The Cultural Origins of Human Cognition by Michael Tomasello will be the reading group's first book. The voting was close, and I'll be sure to include the books that did well in the voting for the second book, but for now, Tomasello's the man.
For those of you who are not familiar with Dr. Tomasello, he is in the Department for Developmental and Comparative Psychology at the Max Planck Institute for Evolutionary Anthropology in Leipzig, Germany. The bulk of his research is on human language development, and language and culture in nonhuman primates. Here is a list of his publications, and here is a recent paper in which he presents experiments that are designed to test the theories he discusses in the book we'll be reading. This paper, published 2 years before the book, touches on many of the ideas in it, and might be a good place to start while you're waiting for the book. Tomasello has other papers online that might be of interest as well, and I'd be happy to point anyone to them.
I will post a little introduction and background in the next week. If you have questions about the book before then, feel free to email them to me.
6 comments:
Good. That was my vote, too. I have only read one of his papers (a book chapter) a long time ago and I have to confess I do not remember any of it!

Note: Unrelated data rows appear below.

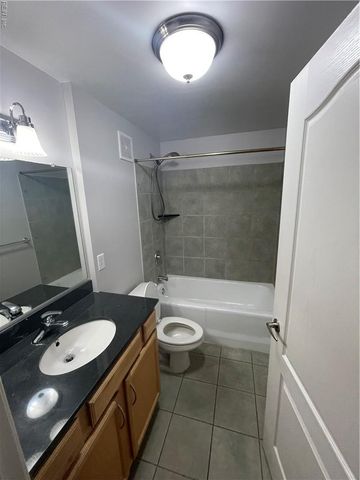 249 W Freemason St Apt 405, Norfolk, VA 23511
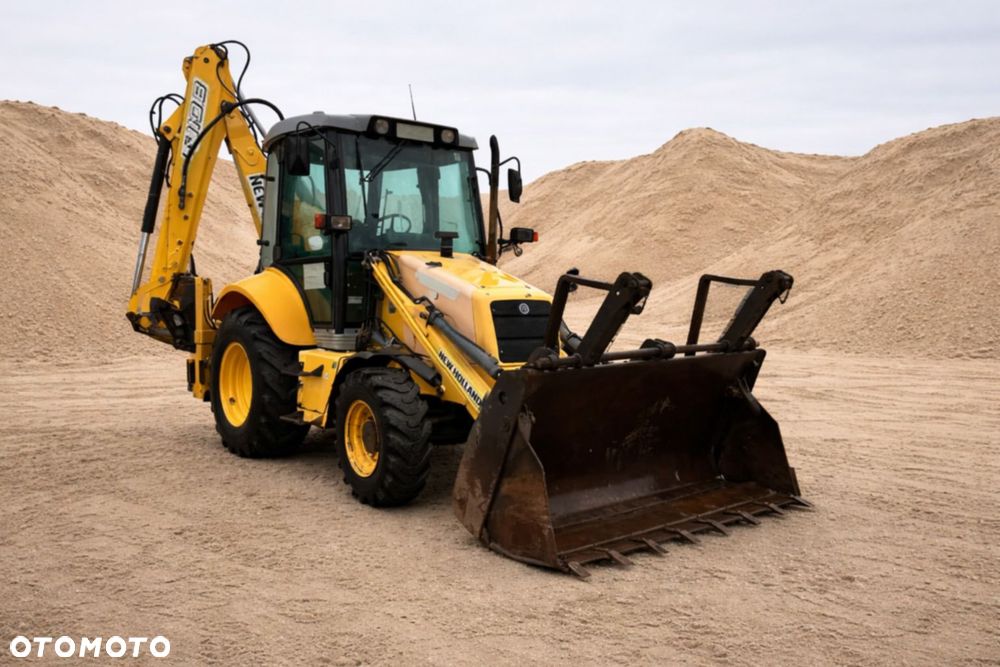 New Holland LB 110B - 2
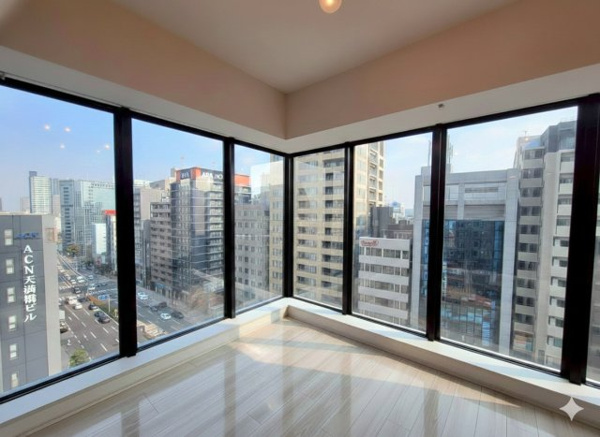 【居間・リビング】 | 【リビングダイニング】大きな窓からたくさんの陽が差し込み、お部屋全体がとても明るいです！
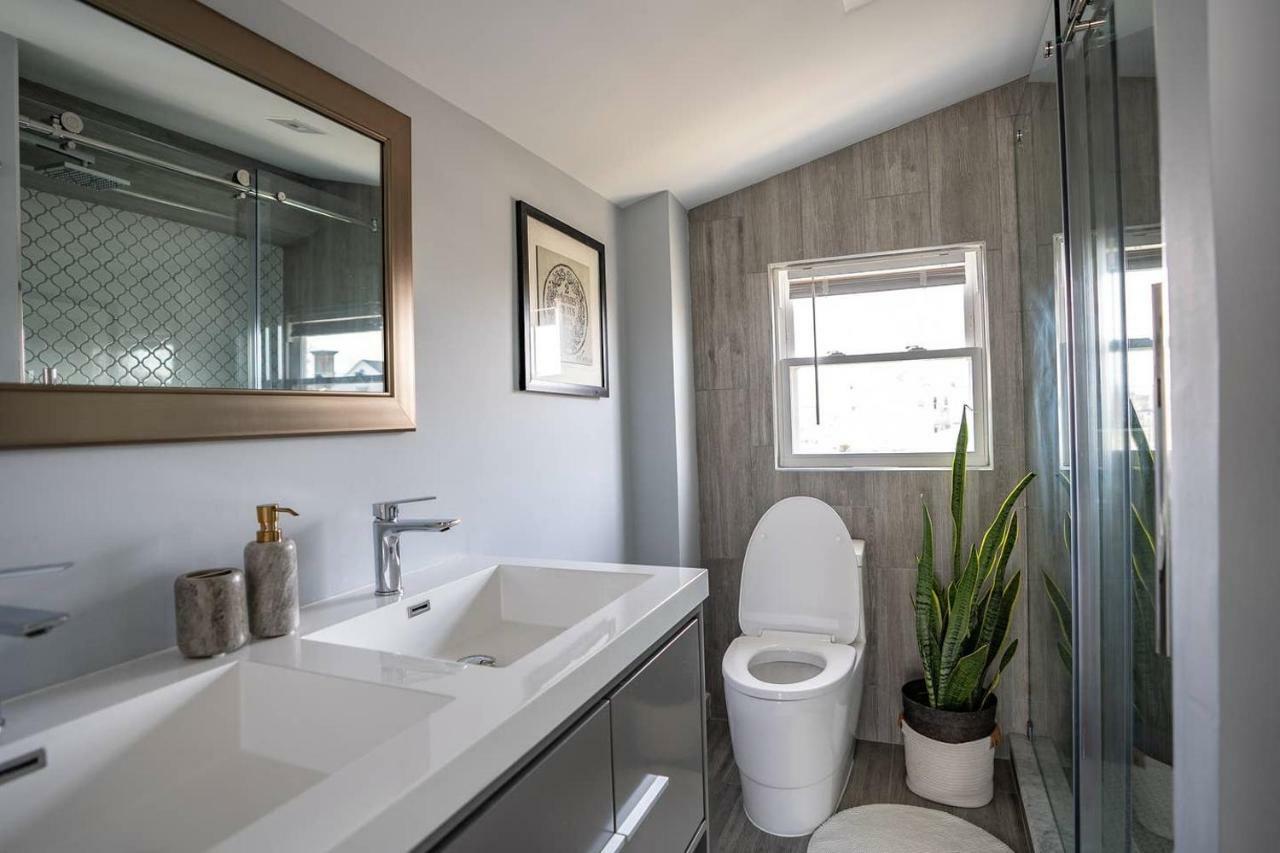 Holiday home Modern Luxury Family Getaway Near Casinos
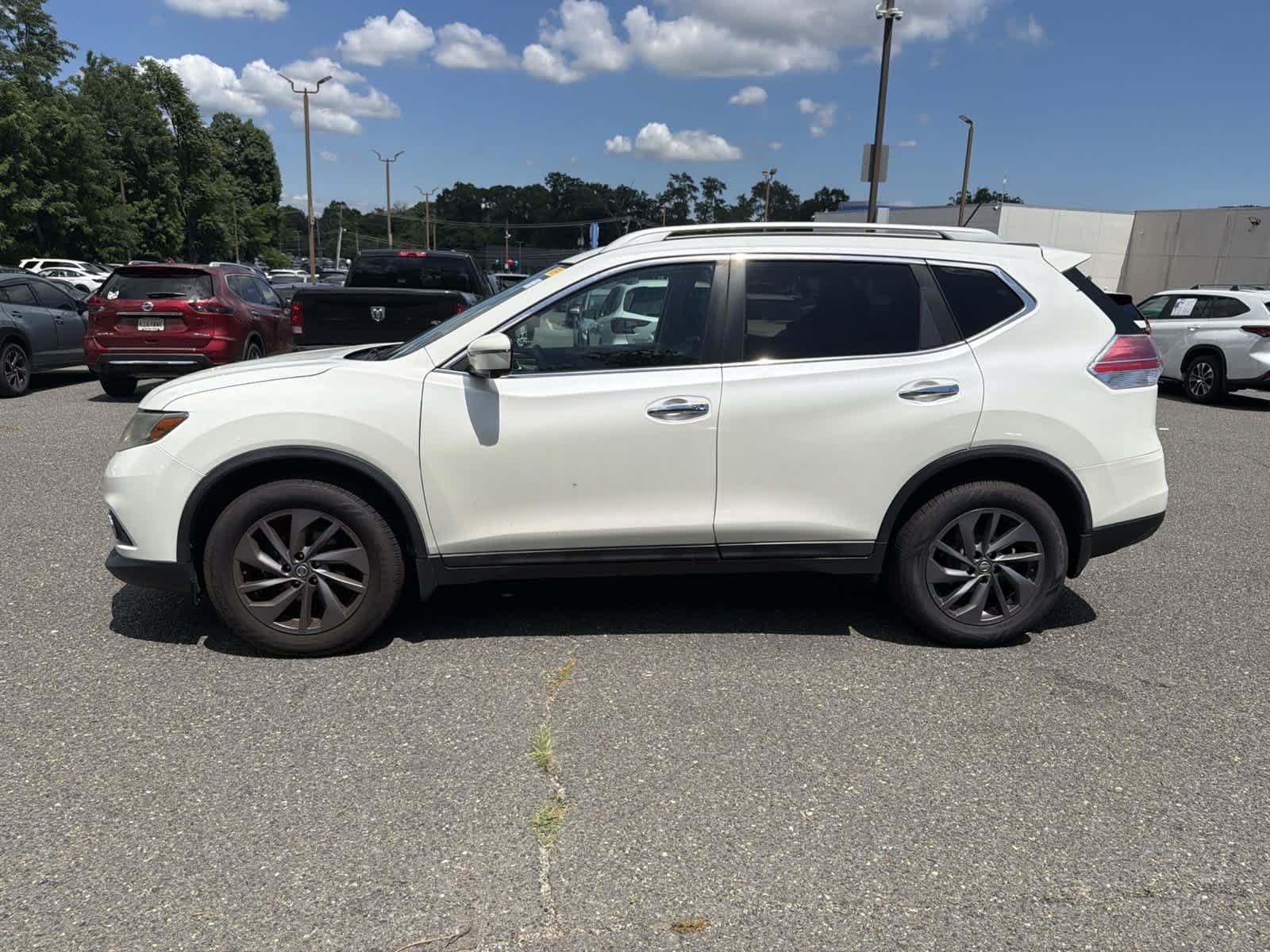 Used 2016 Nissan Rogue SL with VIN 5N1AT2MV9GC793364 for sale in Eatontown, NJ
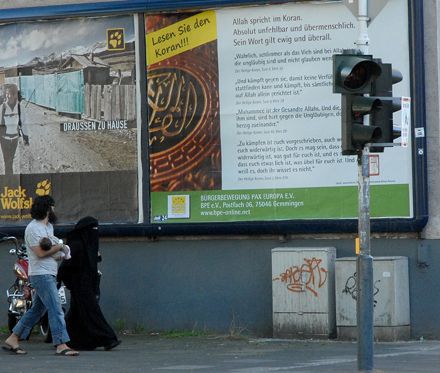 Pax Europa plakatiert Koransuren auch in Bonn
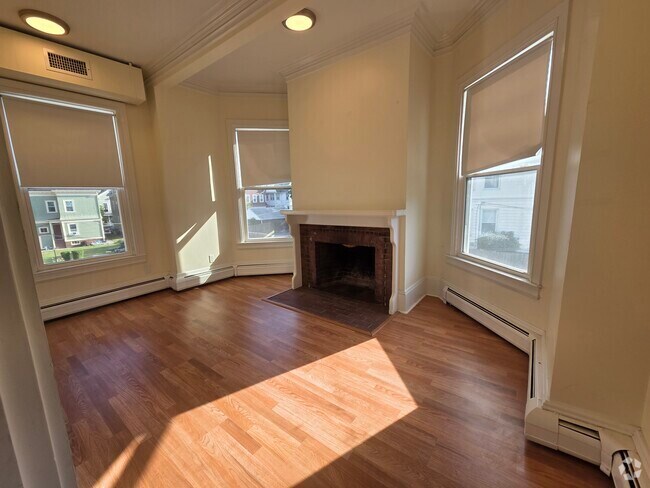 Building Photo - 193 Waterman St Unit A Rental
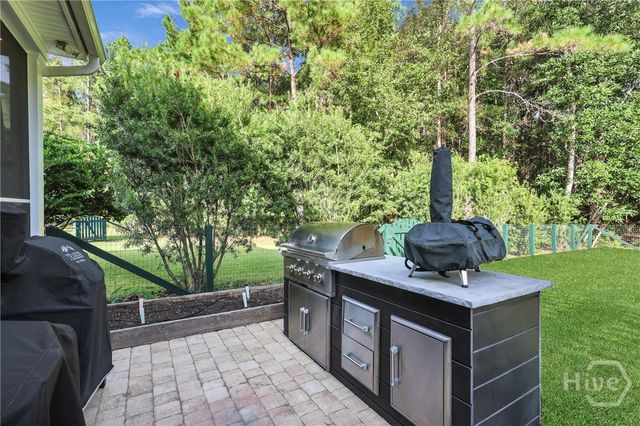 8 Gresham Lane, Savannah, GA 31419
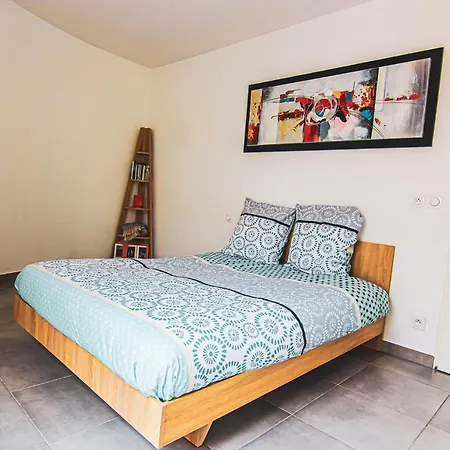 Apartman Charmant Avec Parking Prive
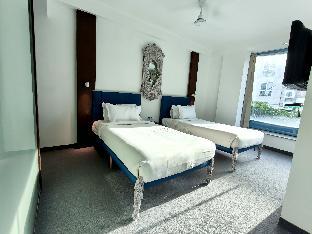 the sky imperial hotel yahvi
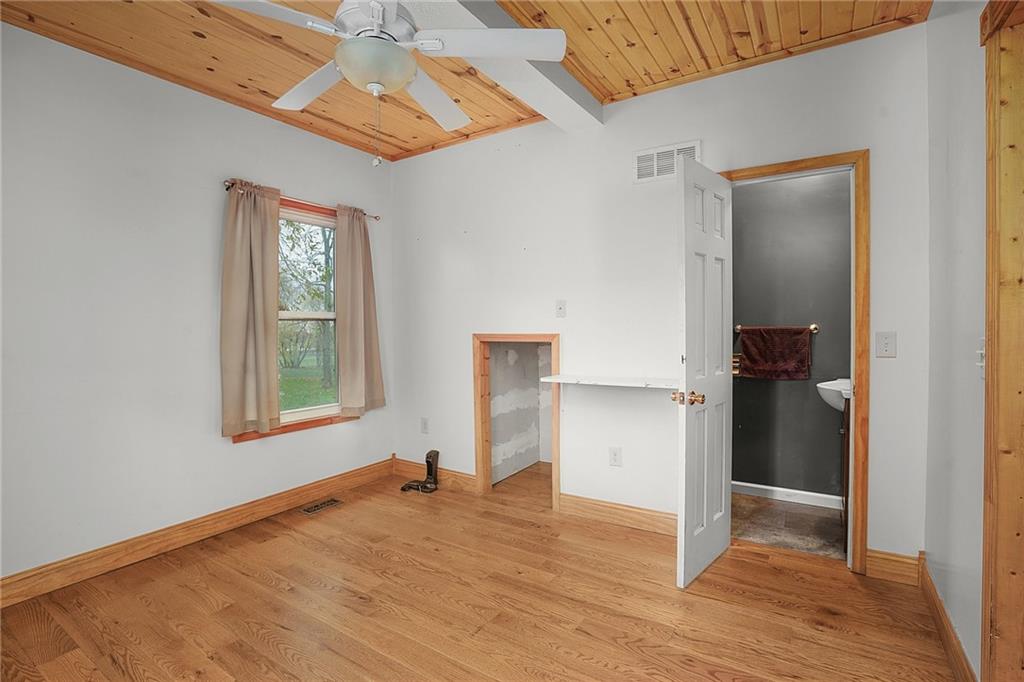 427 Pine Street Wellsville, KS 66092 - Photo 13 of 46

I will get the book within the next couple of days and in the meantime will pursue your links.
I admit I was gunning for the religious one, by Scott Atran, simply because it sounded intriguing. I notice it got 9 votes. I ended up buying that one from Amazon along with the Tomasello one, which does sound intriguing.
Maybe we'll do Atran next time around. It's definitely an interesting book, as is Pascal Boyer's on the same topic.
i suspect a lot of us have already read atran's book. it is a 'sexy' topic after all.
I know you've read it, and I think a couple others mentioned that they'd read it in response to my email. The same was also true for Damasio's book. I was pulling for one of the other two to win, too, for that reason, but it still might be interesting to read them down the line. Or perhaps we could read Boyer's book and those of us who've read Atran's can contrast the two.
boyer's book is more lay person friendly, that's for sure. of course, he uses terms popularized by dennett like 'cartesian theater,' while atran seems to almost start off on a blank slate as far as concepts (speaking as someone who was totally ignorant of cognitive science jargon in the spring of 2004 when i read both books).